*** Block opens ***
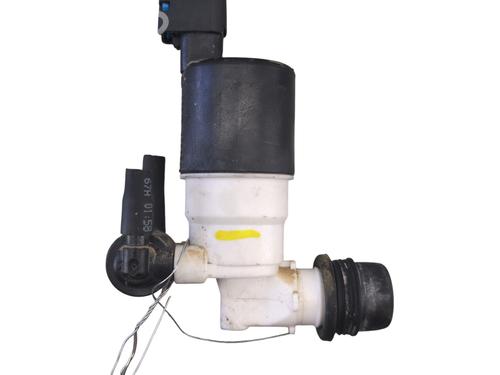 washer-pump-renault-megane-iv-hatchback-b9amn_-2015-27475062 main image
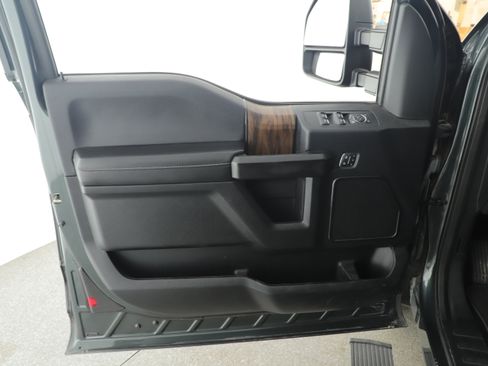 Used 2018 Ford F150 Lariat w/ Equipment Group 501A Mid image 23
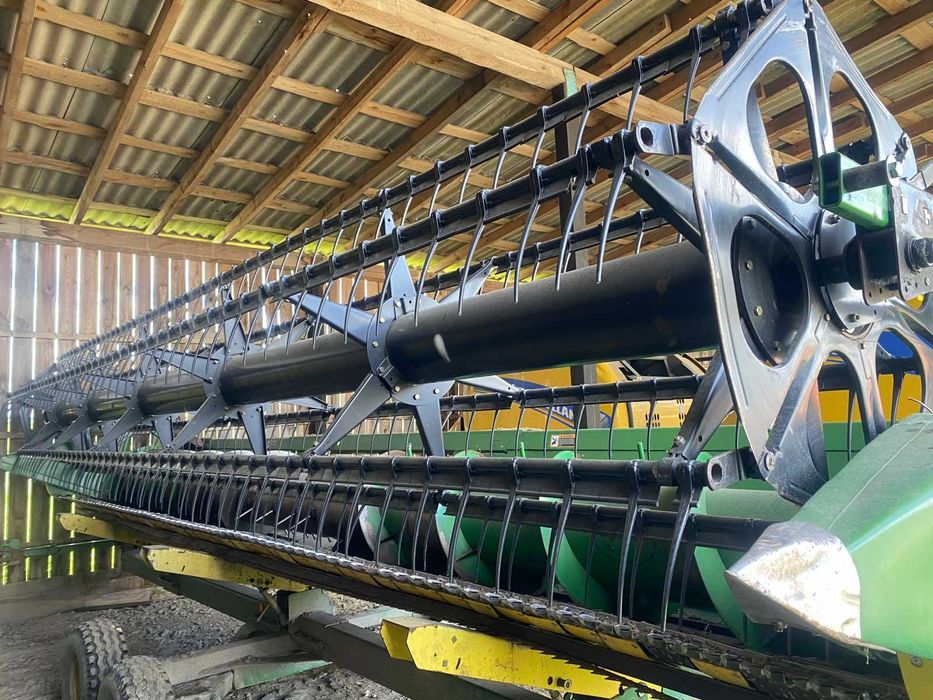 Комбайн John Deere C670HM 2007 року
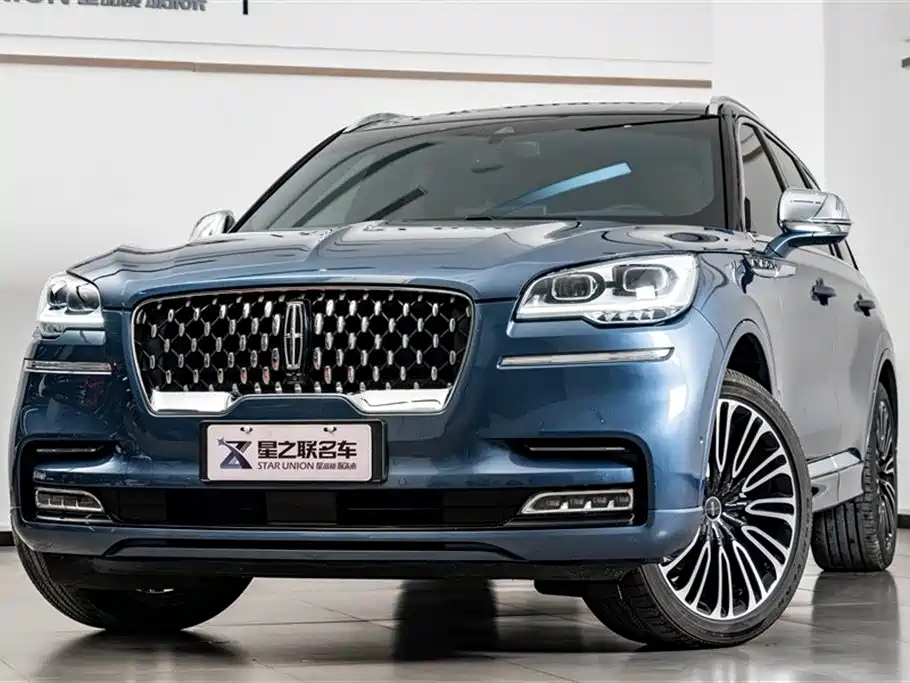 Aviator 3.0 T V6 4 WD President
*** Block closes ***
The material must be restated verbatim. Its pictures must be omitted.

 washer-pump-renault-megane-iv-hatchback-b9amn_-2015-27475062 main image
 Used 2018 Ford F150 Lariat w/ Equipment Group 501A Mid image 23
 Комбайн John Deere C670HM 2007 року
 Aviator 3.0 T V6 4 WD President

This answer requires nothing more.